■ Supplied data
-- Opening Marker --

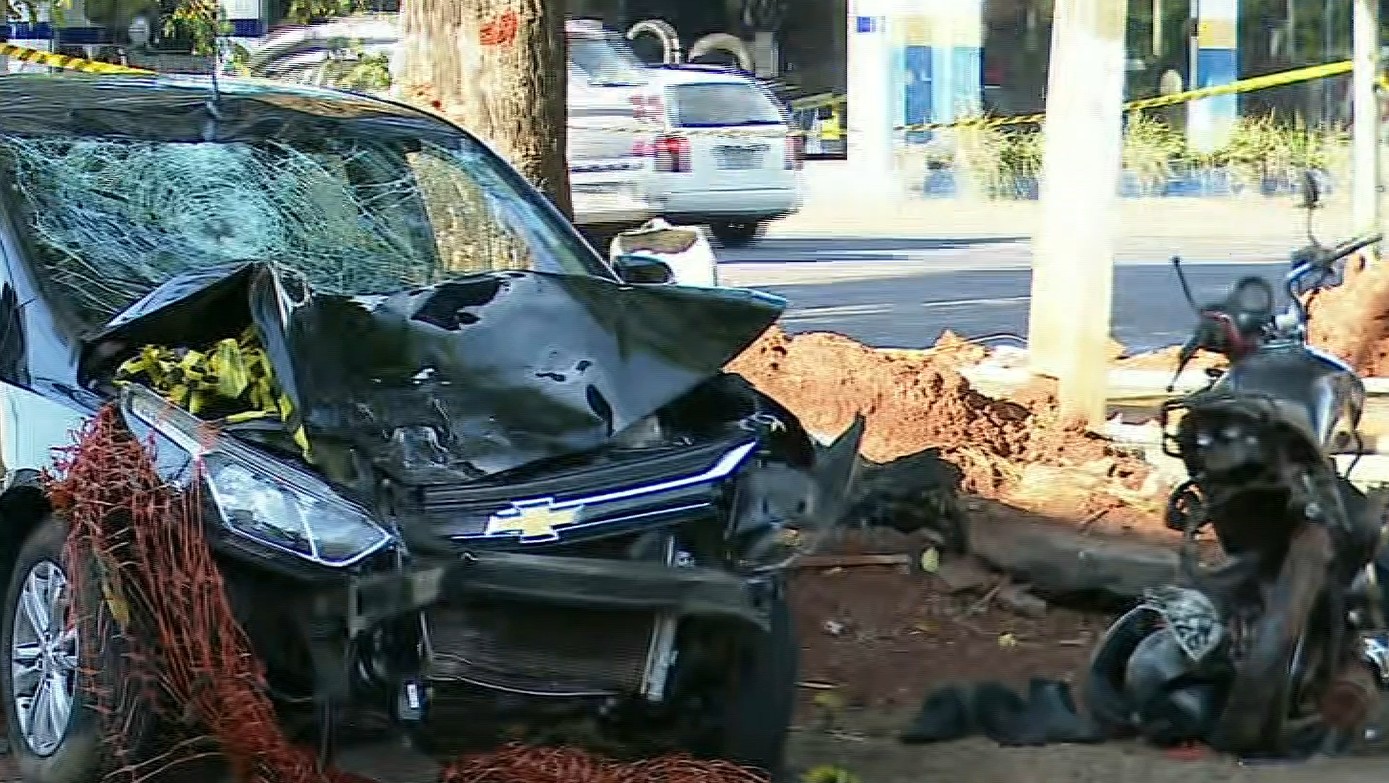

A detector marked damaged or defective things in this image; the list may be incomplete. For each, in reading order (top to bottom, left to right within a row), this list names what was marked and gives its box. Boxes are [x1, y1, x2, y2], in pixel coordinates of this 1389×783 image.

broken car windshield glass [0, 129, 608, 326]
shattered windshield [0, 129, 611, 326]
damaged motorcycle [0, 73, 855, 783]
wrecked black car [0, 74, 855, 783]
crumpled car hood [84, 262, 783, 483]
damaged motorcycle [1083, 172, 1389, 760]
damaged car grille [422, 599, 655, 696]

-- Closing Marker --

■ What to work on
Your reply is the full set of entries reproduced exactly, with images omitted.

■ Task result
A detector marked damaged or defective things in this image; the list may be incomplete. For each, in reading order (top to bottom, left to right within a row), this list names what was marked and gives its box. Boxes are [x1, y1, x2, y2], in pixel coordinates of this 1389×783 image.

broken car windshield glass [0, 129, 608, 326]
shattered windshield [0, 129, 611, 326]
damaged motorcycle [0, 73, 855, 783]
wrecked black car [0, 74, 855, 783]
crumpled car hood [84, 262, 783, 483]
damaged motorcycle [1083, 172, 1389, 760]
damaged car grille [422, 599, 655, 696]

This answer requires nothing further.